• _EXERCISE INSTRUCTIONS_: Leaving the pictures aside, transcribe every line below exactly.

===== SUPPLIED INFORMATION

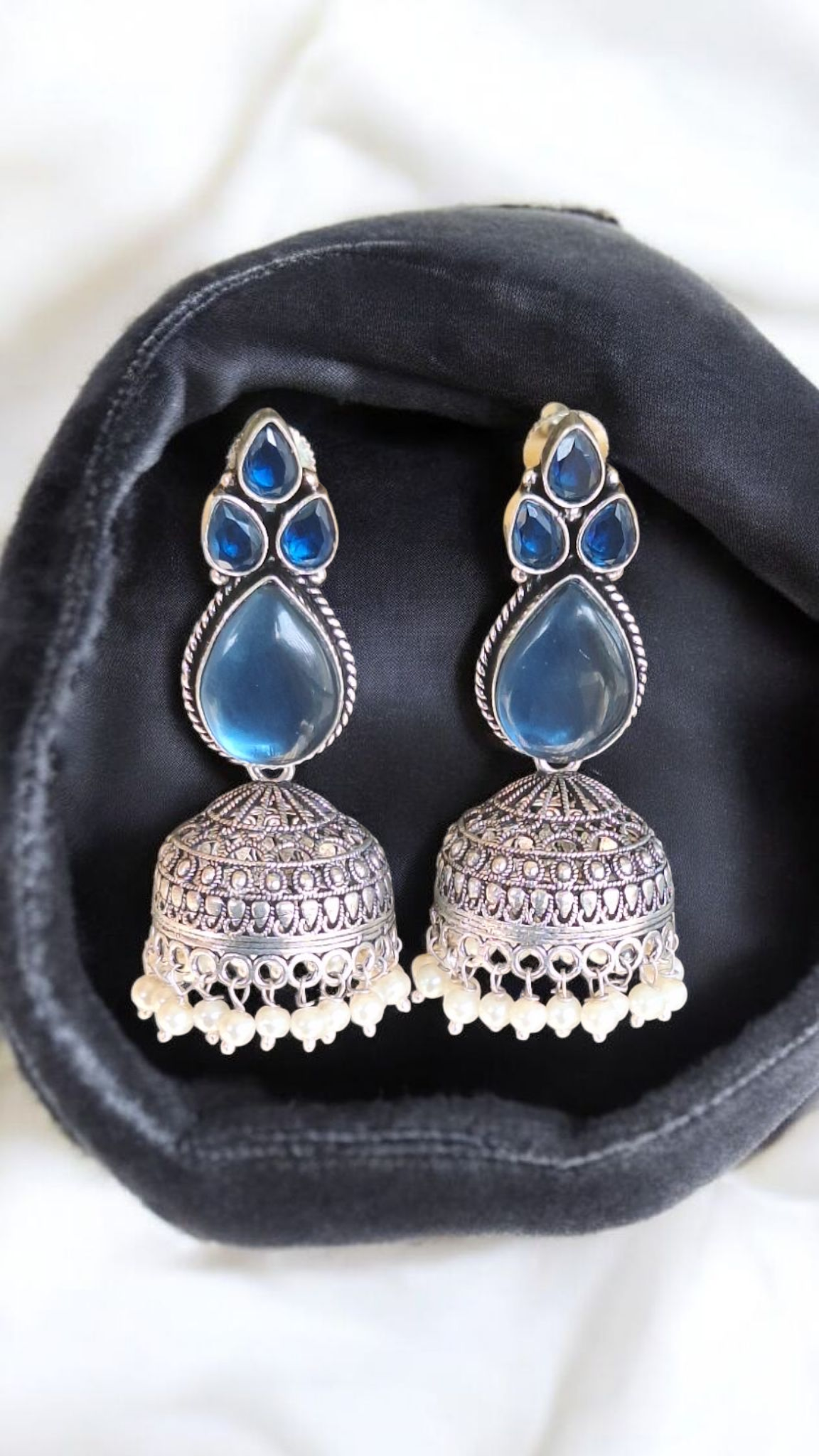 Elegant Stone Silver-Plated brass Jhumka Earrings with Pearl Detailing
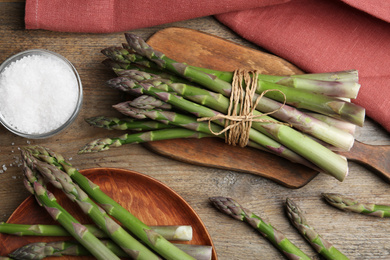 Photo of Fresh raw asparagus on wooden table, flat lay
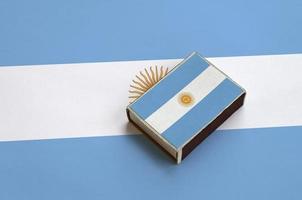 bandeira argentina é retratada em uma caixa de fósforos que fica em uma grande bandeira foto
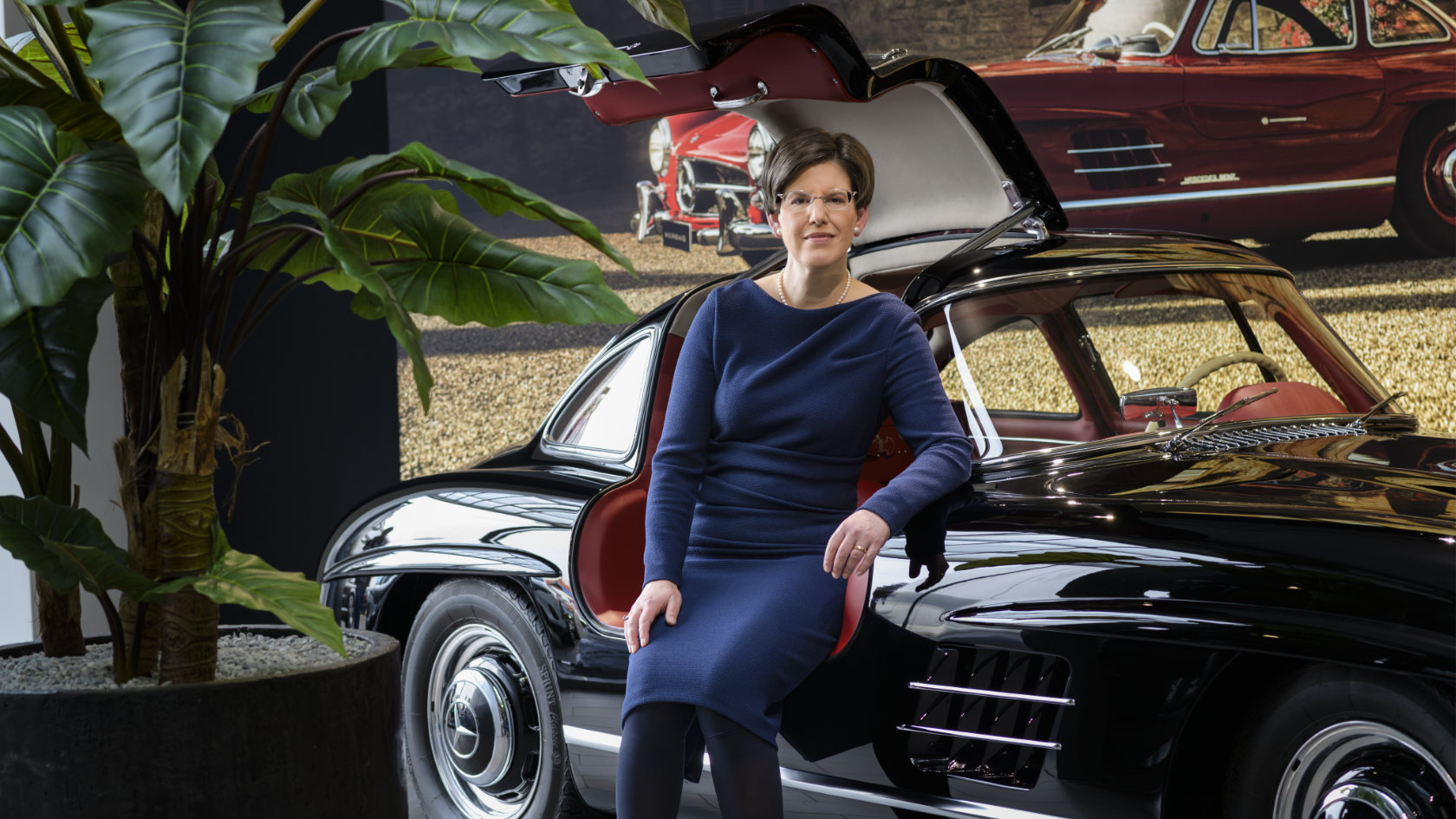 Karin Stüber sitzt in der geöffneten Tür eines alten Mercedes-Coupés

==========

• _ANSWER TO THE EXERCISE_:
 Elegant Stone Silver-Plated brass Jhumka Earrings with Pearl Detailing
 Photo of Fresh raw asparagus on wooden table, flat lay
 bandeira argentina é retratada em uma caixa de fósforos que fica em uma grande bandeira foto
 Karin Stüber sitzt in der geöffneten Tür eines alten Mercedes-Coupés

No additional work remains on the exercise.